GREFFIER : Annie LESIEUR
COMPOSITION DE LA COUR LORS DU DÉLIBÉRÉ
Pierre NOUBEL
: PRÉSIDENT DE CHAMBRE
Virginie CLAVERT
: CONSEILLER
Laure BERNARD
: CONSEILLER
ARRÊT : Contradictoire
prononcé par sa mise à disposition au greffe le 28 Mars 2025,
les parties présentes en ayant été préalablement avisées dans les conditions prévues à l’article 450 du code de procédure civile, signé par Pierre NOUBEL, Président et par Rosalia SENSALE, greffier auquel la minute de la décision a été remise par le magistrat signataire.
ORDONNANCE DE CLÔTURE : rendue le 16 janvier 2025
EXPOSÉ DU LITIGE ET PRÉTENTIONS RESPECTIVES DES PARTIES
M. [X] [I] a été engagé par la société BRUEGHEL suivant contrat à durée déterminée à compter du 8 octobre 2021, signé le 23 septembre 2021, en qualité de réceptionniste. Ce contrat devait prendre fin le 29 octobre 2021.

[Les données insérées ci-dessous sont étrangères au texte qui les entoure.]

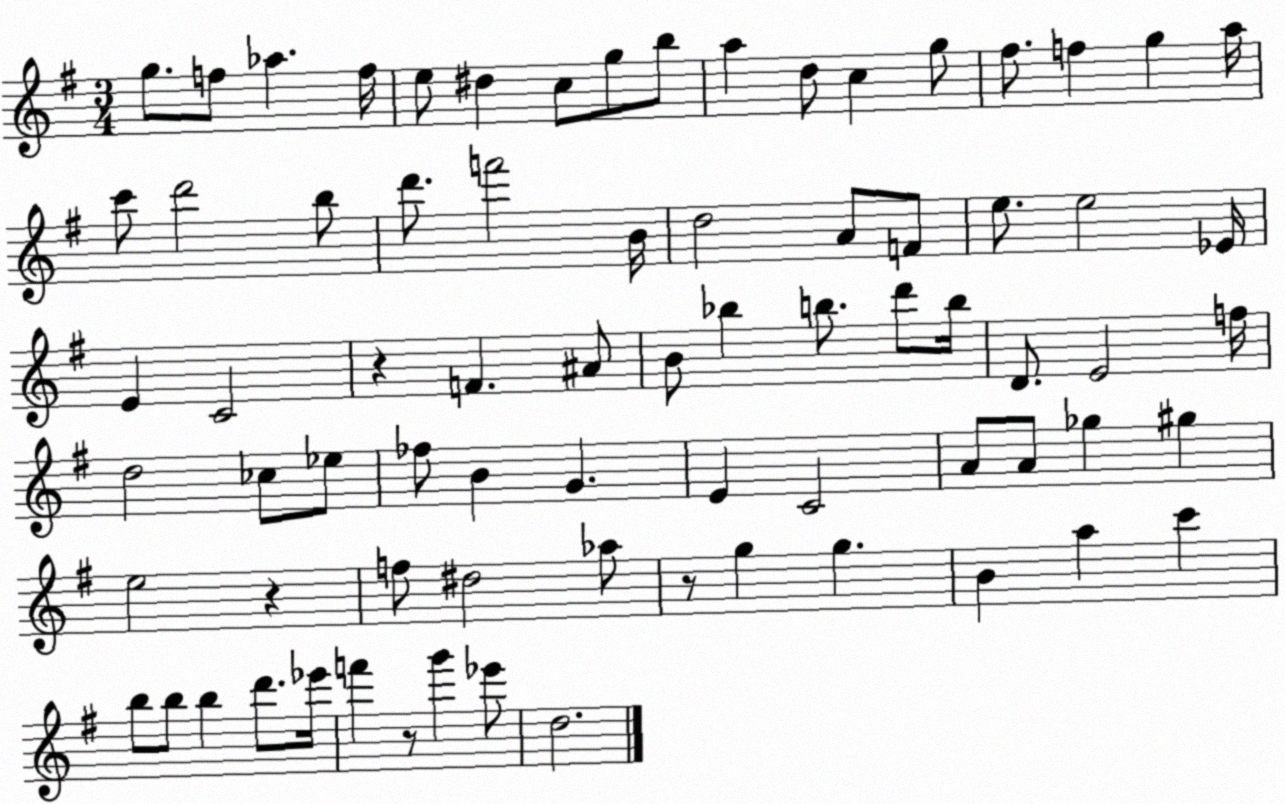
X:1
T:Untitled
M:3/4
L:1/4
K:G
g/2 f/2 _a f/4 e/2 ^d c/2 g/2 b/2 a d/2 c g/2 ^f/2 f g a/4 c'/2 d'2 b/2 d'/2 f'2 B/4 d2 A/2 F/2 e/2 e2 _E/4 E C2 z F ^A/2 B/2 _b b/2 d'/2 b/4 D/2 E2 f/4 d2 _c/2 _e/2 _f/2 B G E C2 A/2 A/2 _g ^g e2 z f/2 ^d2 _a/2 z/2 g g B a c' b/2 b/2 b d'/2 _e'/4 f' z/2 g' _e'/2 d2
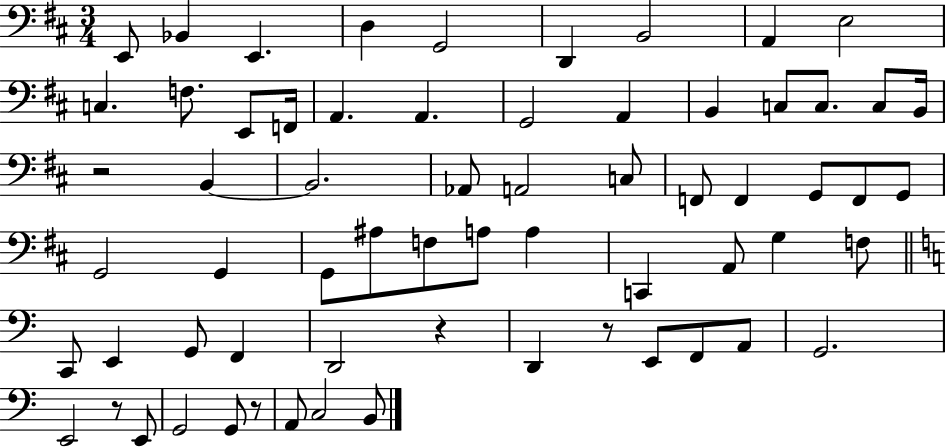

Le 7 octobre 2021, M. [X] [I] signait un nouveau contrat de travail. Celui-ci était différent du précédent, notamment quant à la rémunération, et visait à permettre le remplacement d’un employé absent.
Le 3 février 2023, le salarié a saisi le conseil de prud’hommes de Lille afin d’obtenir la requalification de son contrat de travail en contrat de travail à durée déterminée et de requalifier la rupture de son contrat en licenciement sans cause réelle et sérieuse.
Vu le jugement du conseil de prud’hommes du 31 janvier 2024, lequel a :
— débouté M. [X] [I] de l’ensemble de ses demandes,
— condamné M. [X] [I] à payer à la société BRUEGHEL 100 euros au titre des dispositions de l’article 700 du code de procédure civile,
— débouté la société BRUEGHEL du surplus de ses demandes,
— limité l’exécution provisoire à ce que de droit,
— condamné M. [X] [I] aux dépens de l’instance.
Vu l’appel formé par M. [X] [I] le 7 mars 2024,
Vu l’article 455 du code de procédure civile,
Vu les conclusions de M. [X] [I] transmises au greffe par voie électronique le 4 octobre 2024 et celles de la société BRUEGHEL transmises au greffe par voie électronique le 14 novembre 2024,
Vu l’ordonnance de clôture du 16 janvier 2024,
M. [X] [I] demande :
— d’infirmer le jugement entrepris en toutes ses dispositions,
— de constater l’absence de transmission d’un contrat pour la journée travaillée du 10 septembre 2021 par son employeur,
— de requalifier son contrat de travail à durée déterminée du 10 septembre 2021 en contrat de travail à durée indéterminée à temps plein,
— de juger que la procédure de licenciement est irrégulière, que la rupture s’analyse en un licenciement sans cause réelle et sérieuse,
— de condamner la société BRUEGHEL à lui payer :
— 1881,65 euros à titre d’indemnité de requalification,
— 1881,65 euros au titre du non-respect de la procédure de licenciement,
— 2069,82 euros au titre de l’indemnité de préavis, majorée des indemnités de congés payés,
— 3000 euros au titre de l’article 700 du code de procédure civile pour la procédure devant le conseil de prud’hommes,
— 3000 euros au titre de l’article 700 du code de procédure civile en cause d’appel,
— d’ordonner l’exécution provisoire de la décision à intervenir.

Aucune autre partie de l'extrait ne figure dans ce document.